Investor Attention and Cryptocurrency Volatility
Institutional investor attention is a stronger and more consistent driver of cryptocurrency volatility than individual investor chatter, with machine learning models revealing these patterns better than traditional econometric tools.
This paper investigates how investor attention affects the realized volatility of Bitcoin, Ethereum, and XRP by separating the influence of institutional players (measured using Bloomberg news) and retail investors (measured using Twitter data).
The authors apply both GARCH-X econometric models and advanced machine learning methods like neural networks, random forests, and support vector regression.

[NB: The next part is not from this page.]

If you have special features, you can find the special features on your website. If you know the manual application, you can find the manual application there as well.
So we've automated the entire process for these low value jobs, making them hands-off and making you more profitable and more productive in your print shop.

They find that institutional attention consistently predicts volatility across cryptocurrencies, while individual attention shows mixed or weaker effects. Notably, the role of “whales” (large holders controlling significant portions of supply) amplifies volatility in Bitcoin and Ethereum but not in XRP, where centralized control dampens such effects.

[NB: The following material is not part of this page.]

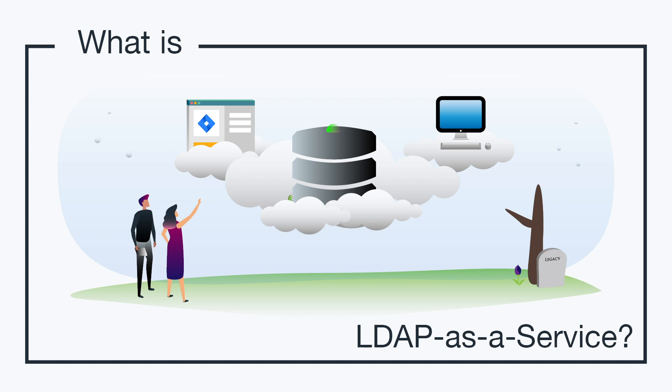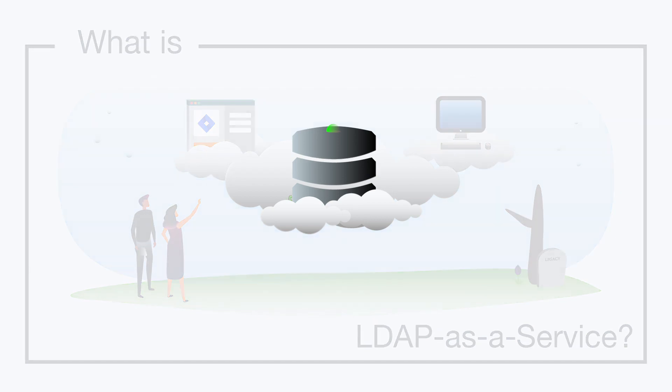In this episode, we'll be talking about LDAP as a service. So what is LDAP as a service?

The bar plots rank features by their average SHAP value, revealing that institutional attention is the dominant driver of volatility for Bitcoin and Ethereum, while individual attention plays a larger role in predicting XRP volatility.

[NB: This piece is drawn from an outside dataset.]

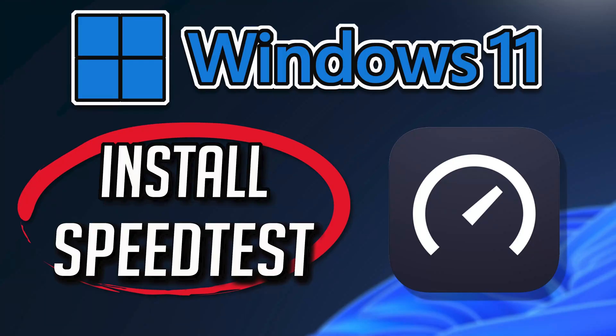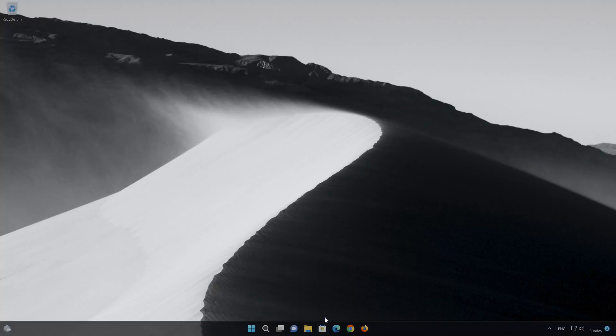In this tutorial, you will learn how to download and install the Speedtest by Ukla app in Windows 11 and Windows 10. First open your Microsoft Store.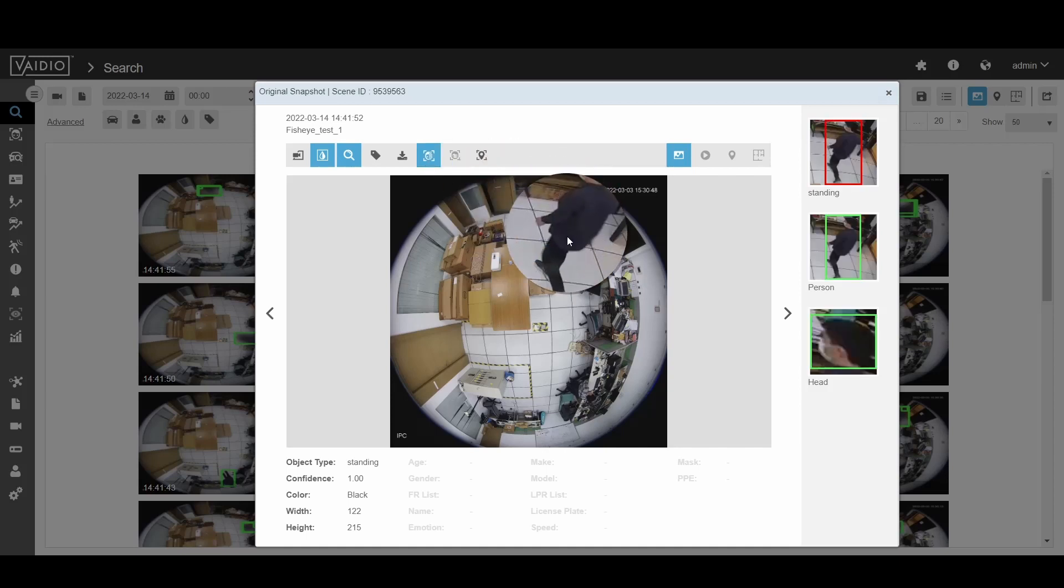That is all on the new 360-degree camera analytic capability. Thank you for watching.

These findings suggest that while retail noise matters, institutional actors, armed with capital and better information, play the central role in shaping crypto market turbulence, and machine learning tools are better equipped to capture these complex, nonlinear relationships.
Gadirli, Farid and Chen, Minjia and Haile, Getinet Astatike, Investor Attention and Cryptocurrency Volatility: A Machine Learning and Econometric Analysis. Available at SSRN: https://ssrn.com/abstract=5230632 or http://dx.doi.org/10.2139/ssrn.5230632
Recessionary Risks from Tariffs
Temporary import tariffs can trigger recessions when the contractionary forces of falling consumption and exports outweigh the benefits of shifting demand toward domestic goods, especially when trading partners retaliate.
This paper builds a New Keynesian model that tracks how sudden tariff shocks ripple through GDP, the trade balance, prices, and employment. The authors find that when households sharply cut back on spending (due to rising prices) and exports lose competitiveness, the economy shrinks even before considering retaliation.
They show that the key tipping point depends on how easily consumers postpone purchases and how sensitive foreign demand is to price changes. When other countries impose retaliatory tariffs, the recession deepens and the trade balance can actually worsen, a result that sharply contrasts with long-run trade models predicting balanced flows.
The authors further test the model under different monetary policy responses, inventories, and anticipated tariff effects, finding that recessions are hard to avoid even when policymakers try to offset shocks. Overall, the paper argues that short-run macroeconomic risks make optimal tariffs far lower than standard trade theory would suggest, especially when accounting for the pain of a tariff-induced downturn.
Ataei, Masoud. "Modeling Regime Structure and Informational Drivers of Stock Market Volatility via the Financial Chaos Index." arXiv preprint arXiv:2504.18958 (2025).